Sharia Law

1.
In Iran a sixteen-year-old rape victim is in court for Crimes against Chastity. She sees that the judge is against her and that Sharia Law is unyielding. She takes off her shoes and flings them at the robed man.
She remembers her contempt with satisfaction in the moment before she is hung. Like a bride, she gives herself over to contempt.
 
2.
I escape to Mexico. There is no Sharia law there. If I drink enough mescal, I can forget the stupidity of Americans. When I am blind drunk, I see everything clearly. My eyes are bloodshot red. The jaguar’s eyes burn red. His mouth is red and glows from within. I come and go. The world is full of phantasmas. Americans pour agua purificado from jug to jug, as if their rituals of juggling clean water will void damnation.
 
3.
The Mayan ruins sit heavily in the dark, as do the gowned Mayan women in the red brocade seats, like cups of chocolate candy in foil wrappings.
 
4.
The jaguar’s teeth are sharp as a shark’s, sharp as a moray eel’s. This peninsula was once a sea. The jaguar’s whiskers are bristly as my uncle’s, who owned and ran a clothing store in Queens. His face cut me when he bent to kiss. I’d already learned that vampires came from Rumania, and here he was, with his flat cap and red eyes.
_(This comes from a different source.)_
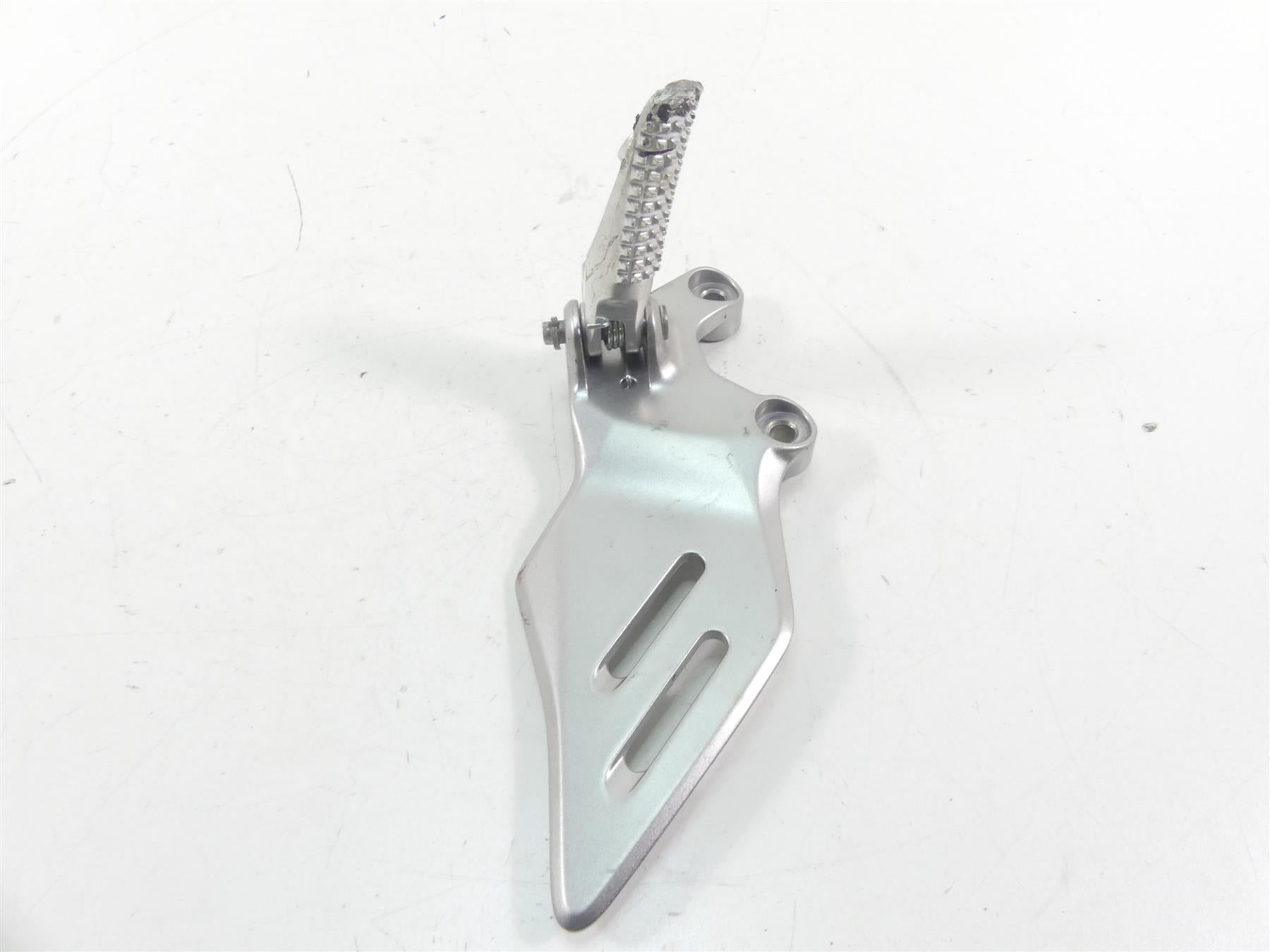 2022 Yamaha MT09 FZ09 Left Front Footpeg & Mount B7N-27442-00-00 {{ shop.shopifyCountryName }} - Mototech271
Ruler of the ghetto, he cheated black men, who were afraid to buy their work clothes from someone else.
 
5.
The guitar maker is like me. He withdraws from the babbling world. The Scottish call it “havering.” “Loathsome” is the word that best describes human society. People make his skin crawl. In his workshop are guitars in various stages of completion, redwood, rosewood, maple bodies and necks.